Et de citer ses batailles avec le ministre de l’agriculture :

« Je ne peux pas passer mon temps dans des querelles avec Stéphane Travert. »

Il a confié, las, qu’il se sentait « tout seul à la manœuvre » sur les enjeux environnementaux au sein du gouvernement. Et de déplorer que son poste était « à la croisée des lobbys. Parce que les lobbys sont là ». Interrogé sur la manière dont il avait vécu son poste, Nicolas Hulot a répondu :

« Puisque je suis dans un moment de vérité… oui, [ces douze derniers mois ont été une souffrance], sauf à basculer dans ce que j’allais devenir, c’est-à-dire cynique. (…) Je me suis surpris à des moments à abaisser mon seuil d’exigence (…) et là je me suis dit c’est le moment d’arrêter. »

Le gouvernement regrette un manque de « courtoisie »

Dès l’annonce de son départ, les réactions politiques se sont multipliées. Le porte-parole du gouvernement, Benjamin Griveaux, a regretté sur BFM-TV « sa manière de faire.
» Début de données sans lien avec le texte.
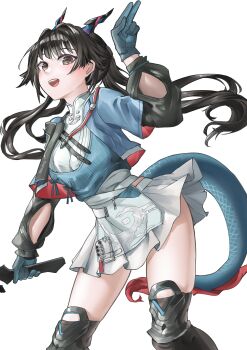 1girl arknights arknights:_endfield arm_cutout arm_up black_eyes black_hair black_thighhighs blue_gloves blue_jacket chen_qianyu_(arknights) chinese_commentary clothing_cutout commentary_request cowboy_shot gloves highres holding horns jacket long_hair looking_at_viewer neti_(cpu11151) open_clothes open_jacket open_mouth red_jacket shirt simple_background skindentation skirt solo standing tail thighhighs two-sided_fabric two-sided_jacket white_background white_shirt white_skirt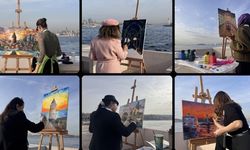 Öğretmenler Kız Kulesi'nden İstanbul'u tuvallerine yansıttı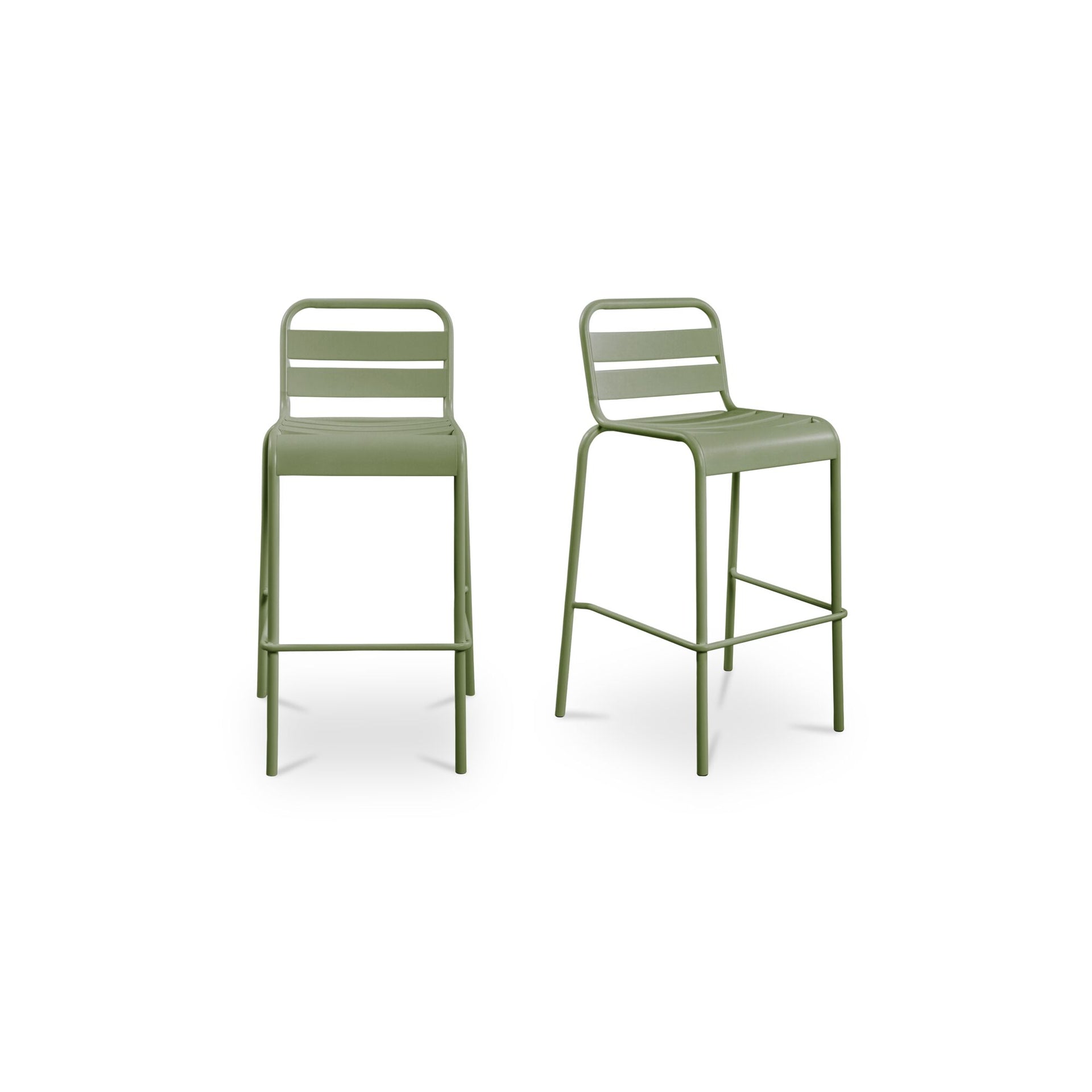 Kasper Outdoor Stool, Slatted Seat and Back, All-Steel Frame, Water Resistant, Green - Set of 2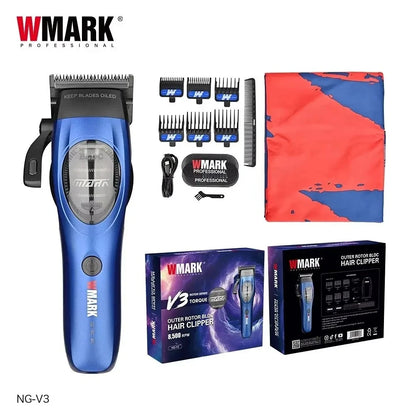 WMARK NG-V3 Professional Hair Clipper – BLDC High-Torque Motor, DLC Blade, 2500mAh, 160min, Wet/Dry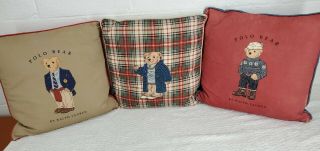 Vintage Teddy Bear Ralph Lauren Polo Bear 18”x 17” Pillow.  Set Of Three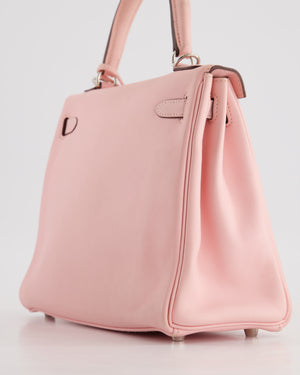 *FIRE PRICE* Hermès Kelly Bag 25cm Retourne in Rose Sakura Swift Leather with Palladium Hardware
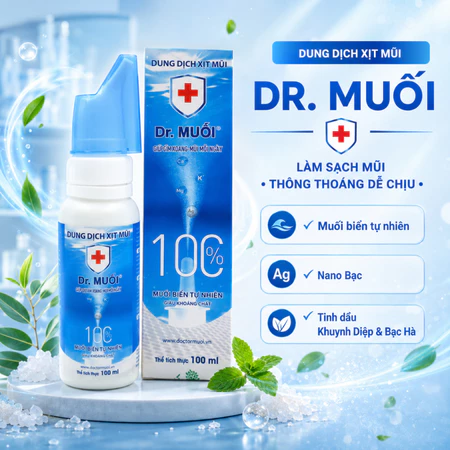 Dung Dịch Xịt Mũi Dr. Muối 100ml Nano Bạc Muối Biển Khuynh Diệp Bạc Hà Làm Sạch Khoang Mũi, Vệ Sinh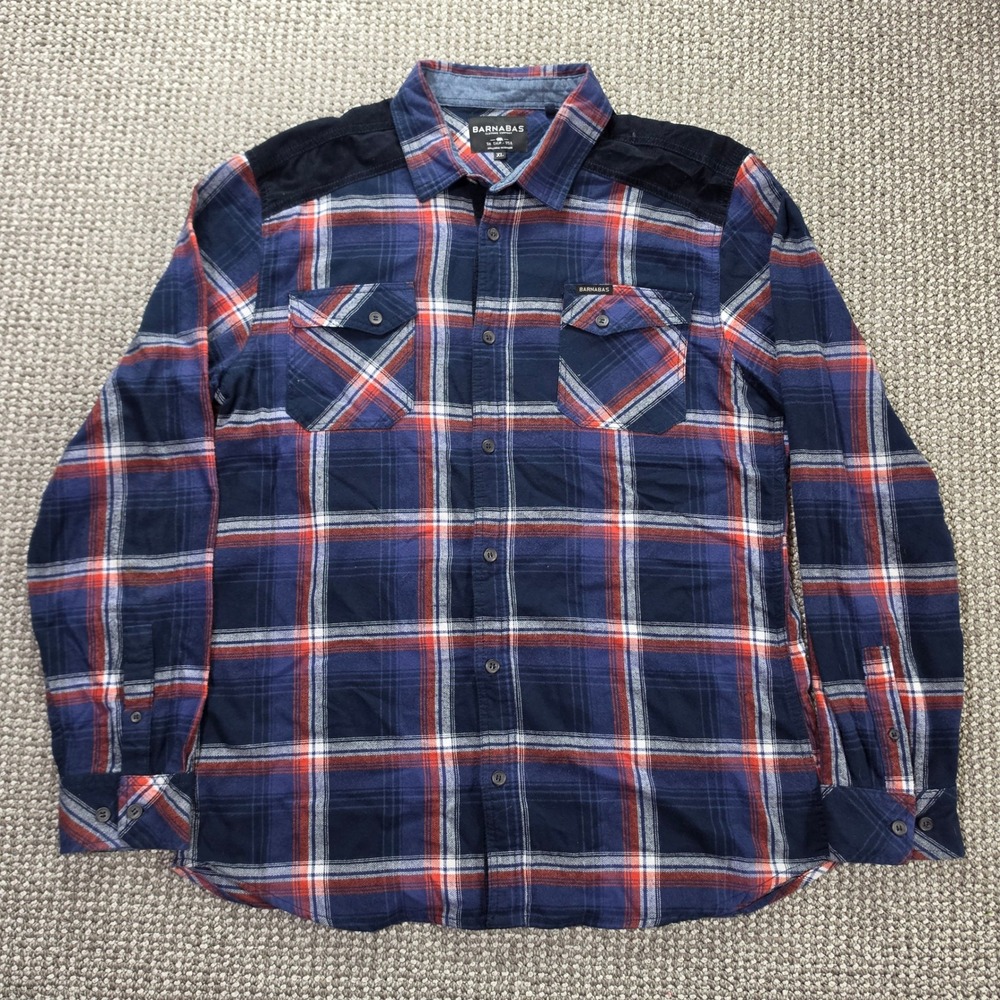 Barnabas Flannel Shirt Mens XL 5PW5024M Corduroy Yoke Plaid Navy Red White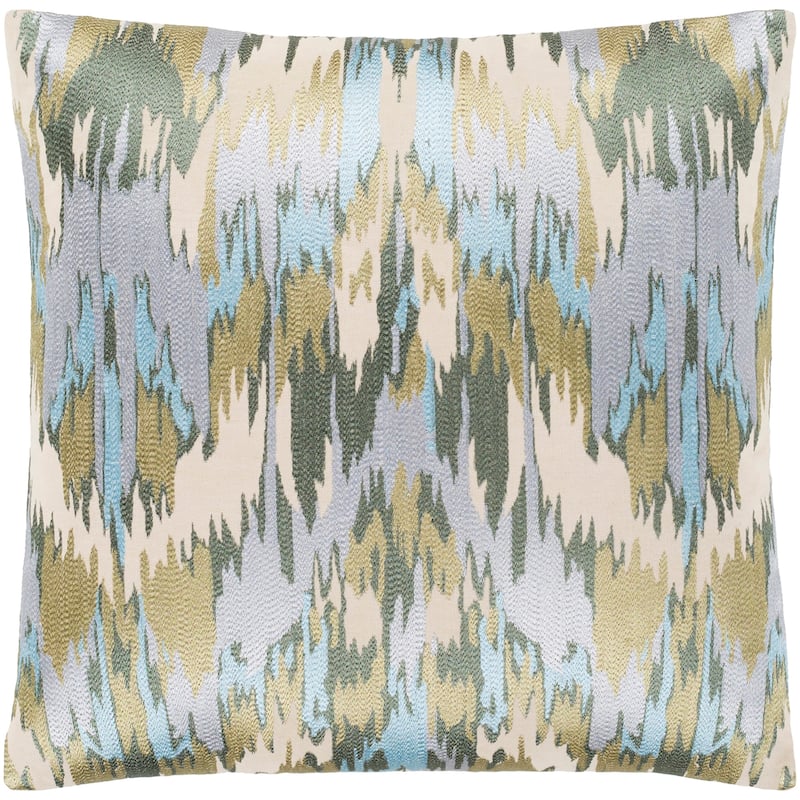 Virgil Light Blue Embroidered Ikat Throw Pillow Cover (22" x 22")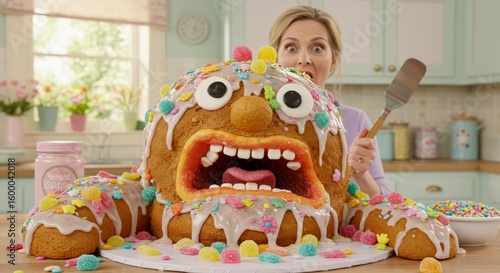 A delightful disaster: woman's comical shock at her monstrously delicious homemade cake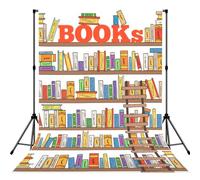 Funny Book Shelves Collection And Ladder Print Photo Studio Background 5x7ft Soft Photo Backdrop Curtain For Studio Content Creator Equipment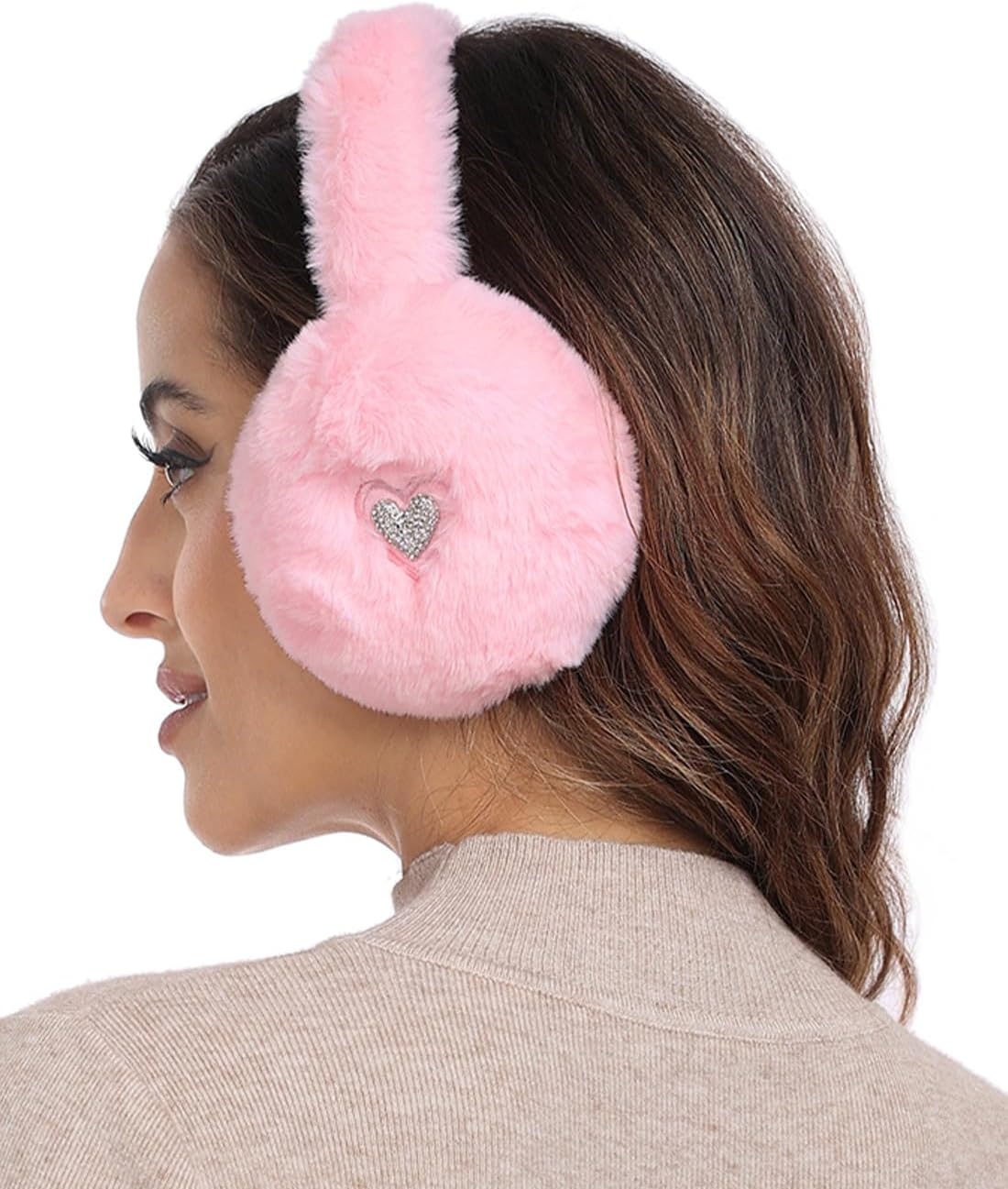 image:imageHDE Womens Fuzzy Faux Fur Earmuffs Cute Foldable Winter Ear Warmers with Rhinestone Charms Adjustable Outdoor Ear CoversLight Pink Heart Charm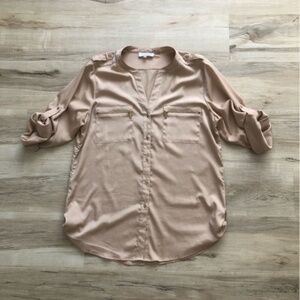 Calvin Klein Champagne Long Sleeve Blouse with Mandarin Collar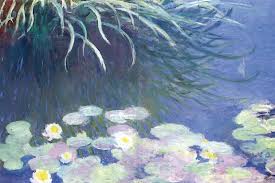  Claude Monet, "Nymphéas avec reflets de hautes herbes" (Ninfeia com reflexo de grama alta), Claude Monet.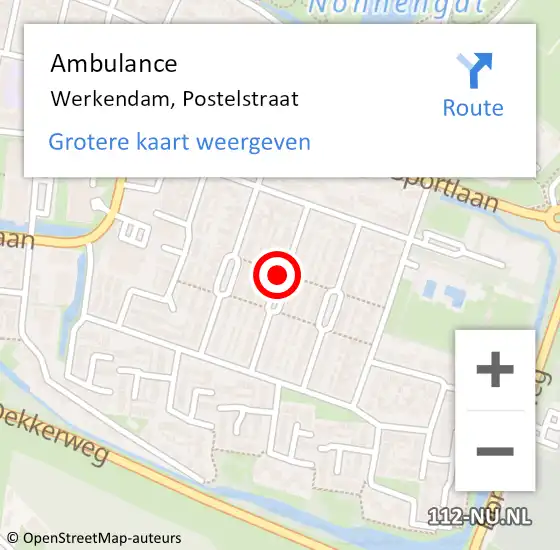 Locatie op kaart van de 112 melding: Ambulance Werkendam, Postelstraat op 18 juni 2018 15:37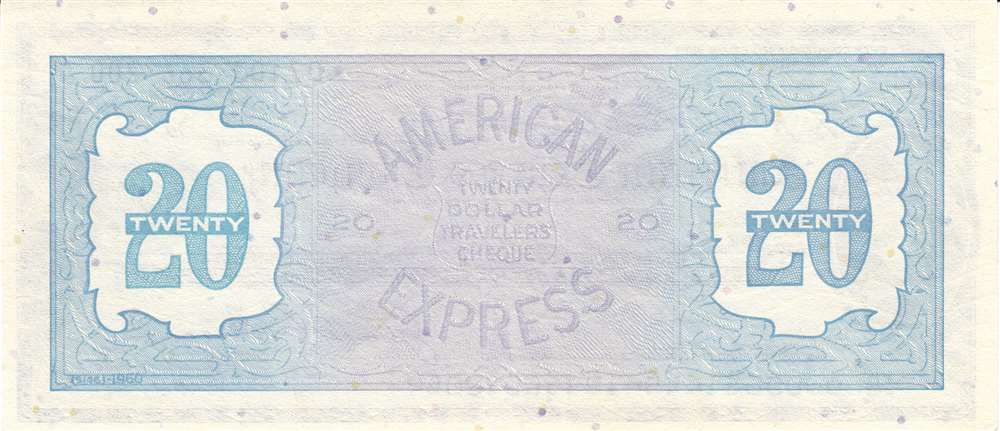 Чек Американ Экспресс Компани 1960 год 20 долларов, AU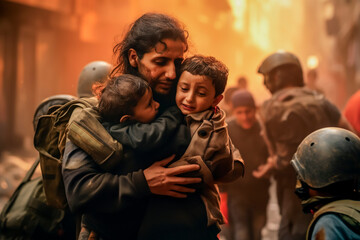 people victims of bombings, war and desolation, hugging family, children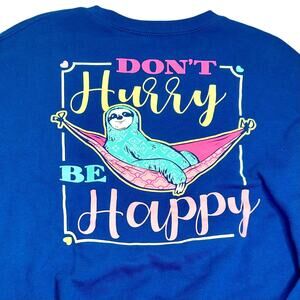 Benny & Belle Colbalt Blue Sloth Don’t Hurry Be Happy Sweatshirt Size Small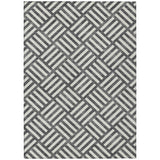 8' X 10' Black And Ivory Geometric Washable Indoor Outdoor Area Rug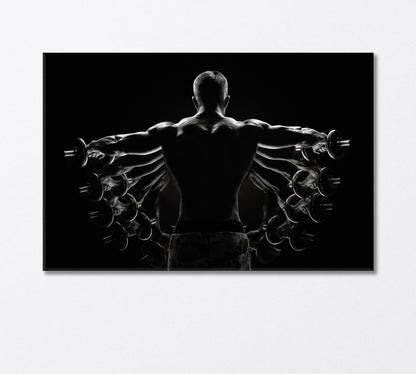 Bodybuilder Lateral Dumbbell Raise Canvas Print-Canvas Print-CetArt-1 Panel-24x16 inches-CetArt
Je pense que la plus élémentaire des courtoisies aurait été effectivement de prévenir le président de la République et le premier ministre ».

Sur RTL, le président des Républicains, Laurent Wauquiez, « peut comprendre » que Nicolas Hulot « se sente trahi » par Emmanuel Macron :

« Nicolas Hulot, je ne partage pas nécessairement ses opinions, mais je peux comprendre qu’il se sente trahi comme aujourd’hui pas mal de Français par des promesses fortes qui avaient été faites, et le sentiment à l’arrivée que ce n’est pas très tenu ».

Chez les écologistes d’Europe Ecologie-Les Verts, Yannick Jadot a estimé que « le départ de Nicolas Hulot est la conséquence de l’absence de politique écologique de ce gouvernement ». Interrogé sur les propos des uns et des autres, Nicolas Hulot les a « suppliés d’éviter la récupération » :

Une démission évoquée de nombreuses fois

Nommé pour la première fois ministre en mai 2017, après avoir renoncé à une candidature à la présidentielle un an plus tôt, Nicolas Hulot avait dû accepter bien des décisions contraires à ses convictions, au-delà de certaines victoires symboliques comme l’abandon du projet d’aéroport de Notre-Dame-des-Landes, la fin de la production d’hydrocarbures en France ou l’interdiction progressive de l’utilisation du glyphosate dans l’agriculture.

Il avait également dû endosser le report de l’objectif consistant à ramener la part du nucléaire dans la production d’électricité à 50 % en 2025, ou l’entrée en vigueur provisoire de l’accord de libre-échange UE-Canada (CETA). La possibilité de sa démission avait donc été sous-entendue à de nombreuses reprises.

Dernièrement, Nicolas Hulot a particulièrement peu apprécié la présence de Thierry Coste, lobbyiste pro-chasse proche de M. Macron, lors de réunion à l’Elysée sur la réforme de ce loisir, lundi 27 août soir. L’ancien ministre a déclaré lui « avoir clairement signifié qu’il n’avait pas sa place » aux côtés du président de la République et du premier ministre lors de cette réunion.

Proche de la Fédération nationale des chasseurs, Thierry Coste conseille régulièrement Emmanuel Macron sur les dossiers cygénétiques, et plus largement sur les questions de ruralité. Il était également proche de Nicolas Sarkozy en 2007, et de François Hollande en 2012.